There's an English noun, stole, derived from Latin stola (the dress worn over the tunica by a Roman matron or married woman), thus unrelated to the verb steal.
In English a stole is either: a woman's long scarf, of cloth or fur, worn over the shoulders ("a mink stole"); or it's "A long scarf, usually of embroidered silk or linen, worn over the left shoulder by deacons and over both shoulders by priests and bishops while officiating." (quoting from the American Heritage Dictionary.)
(Funny to see a full-length dress 'reduced' to a bit of drapery.)
Oh yes, I see, from old French "estole" (modern French "étole")
I see exactly what is an "étole". Thank you for your help.
In French, they translate "stola" by "stole", as they like to remove the "a" of Latin names to make them French, as "étole", old form estole, (thus the English "stole")
I think it's rather used nowadays by Catholic priests (and sometimes Protestants and Orthodoxes).
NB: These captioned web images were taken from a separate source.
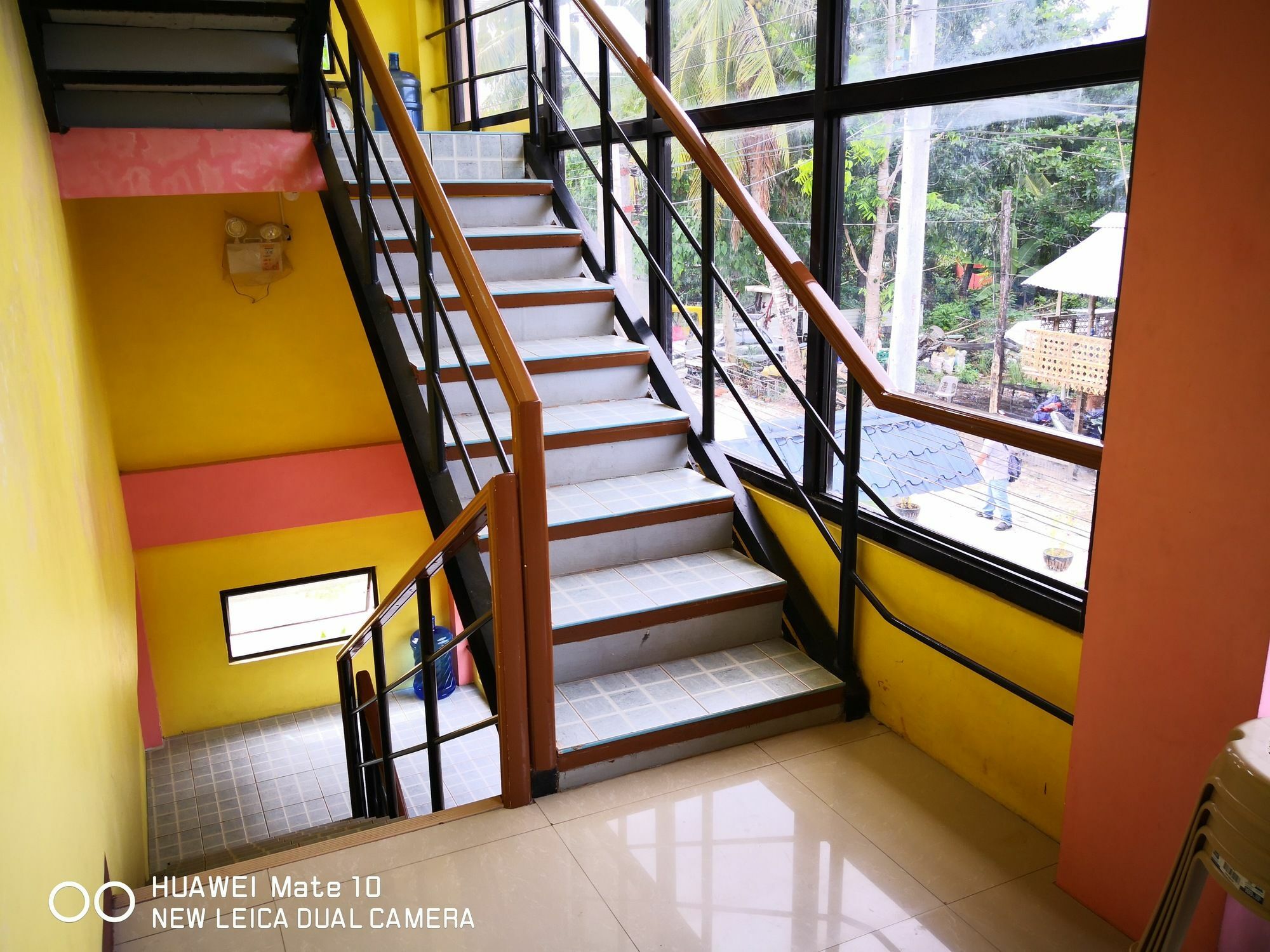 A'S Azotea De Bohol - Back-Packers Room 3 Città di Tagbilaran Esterno foto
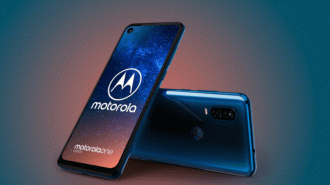 Motorola One Vision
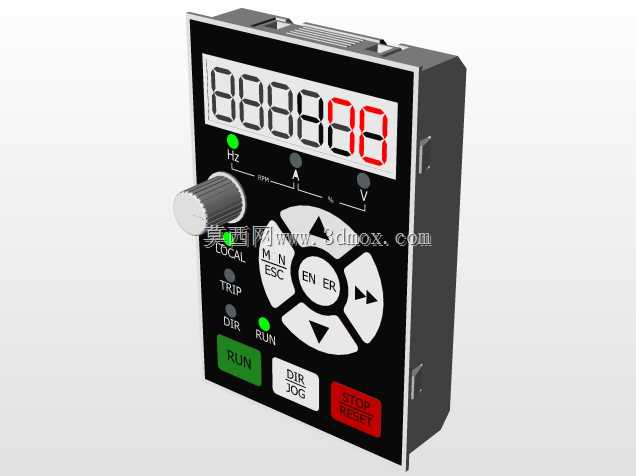 Nowforever D100系列2.2KW 220V逆变器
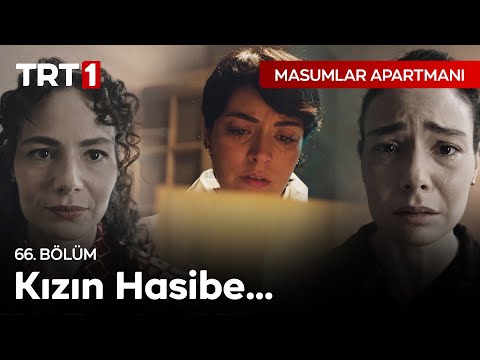 Hasibe'nin, Annesine Mektubu... | Masumlar Apartmanı 66. Bölüm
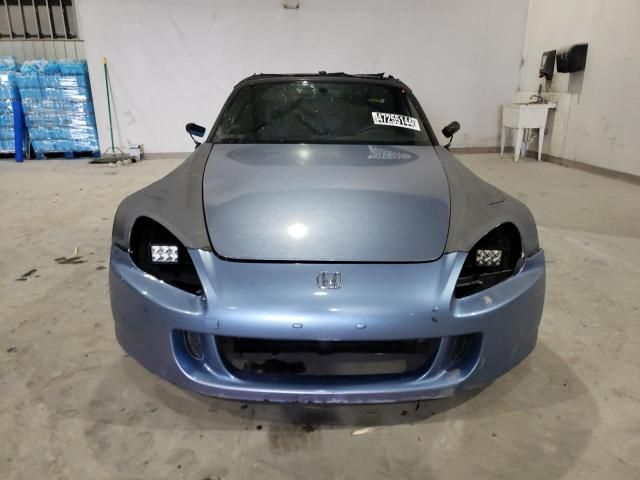 2004 Honda S2000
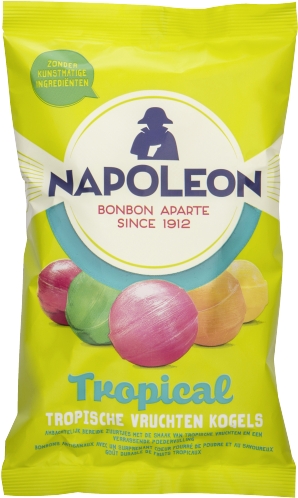 Napoleon Tropical Mix Bonbon 130G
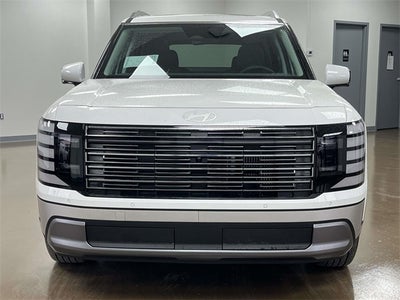 2026 Hyundai PALISADE HYBRID Blue SEL Premium 7 Passenger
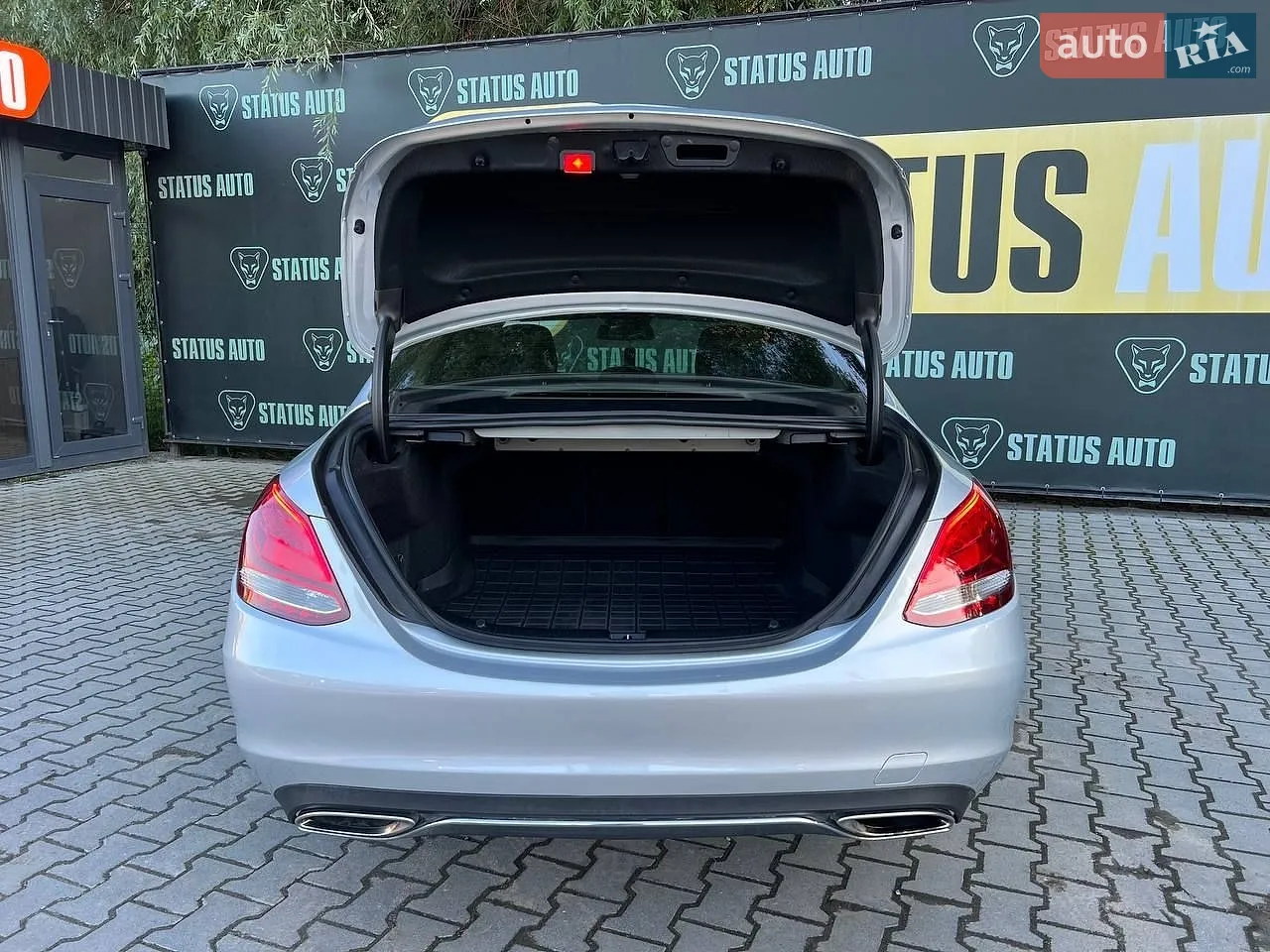 2015 Mercedes-Benz C-klasse - мініатюра 8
It's very hard to know if the primitive religious stoles were long or short, as they give contradictory info on wikipedia.
The French page says it was originally a long dress, worn by priests, and the English pages says:
"The stole was originally a kind of shawl that covered the shoulders and fell down in front of the body; on women they were often very large. After being adopted by the Church of Rome around the seventh century (the stole having also been adopted in other locales prior to this), the stole gradually became narrower and started to feature more ornate designs, developing into a mark of dignity. Nowadays, the stole is usually wider and can be made from a wide variety of material."
(Note: It's a cognate of the German "stellen", but not via Latin, but PIE root)
So,"stola" as "stole" is possible, but probably not in classical Latin, in late Latin. The étole was used as a non-religious garment before, but the "stole" is defined as "a liturgical vestment of various Christian denominations". I think that, in English "stola" = the Latin stola, and "stole" = the Christian garment.